Ted Talks then enter the trainer's "toolbox" alongside the film material, used to introduce/explain themes and concepts within training tracks.

It must be said that, in recent times, the use of this material has been scaled back because, in the opinion of several trainers, relying too much on these lectures can give the idea of devolving the teaching objective of the course to this material, giving the idea of a certain "laziness" of the lecturer with respect to his role.

Other milestones include 2010 and 2014, the birth years of Instagram and TikTok, respectively, the Social that greatly expanded the audience of new "authors/interpreters." The user interface of these apps provides trainers and participants with a recording and editing studio to create films with educational value "on the spot": from simulations to the creation of dissemination material related to the company's principles and values, participants simultaneously become authors and users of self-produced film material.


That's all Folks! (for the time being)

I close this article by contradicting the article's subtitle: today we can no longer speak of "film material" given the multiplicity of sources and forms that this training tool has taken. Using the old-fashioned (but more accurate) designation of "audiovisuals," trainers today use stories, reels, and TikTok as teaching tools (or media) in addition to films, TV series, and web miniseries.

Despite the variety, the key to this teaching mode continues to be the mix of emotional and cognitive impact: the combination of images and sounds has, on the human mind, a stimulating effect for reflection and memory.

While waiting for the next evolution-perhaps the long-awaited virtual reality that will allow full immersion in a totally "manipulable" environment-we will continue to watch movies, series, and social looking for scenes to use in the classroom.

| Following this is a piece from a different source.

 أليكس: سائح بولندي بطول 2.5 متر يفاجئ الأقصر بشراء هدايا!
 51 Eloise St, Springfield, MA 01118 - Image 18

Cortese, C., (2014), "Cinema." In Quaglino, G. P., (ed.), Training, The methods. Raffello Cortina, Milan.

Ghislieri, C., (2006), "Cinema for learning: a brief review." In Quaglino, G. P., Piccardo, C., (eds.), Scenes of Leadership. Raffaello Cortina, Milan.

Piccardo, C., Quaglino, G. P., (2006), "Introduction." In Quaglino, G. P., Piccardo, C., (eds.), Scenes of Leadership. Raffaello Cortina, Milan.

Varchetta, G. (2011), "Training re-enters cinema: chronicle of a five-year period." In Di Giorgi, S., Forti, D. (eds.), Training with cinema. Franco Angeli, Milan.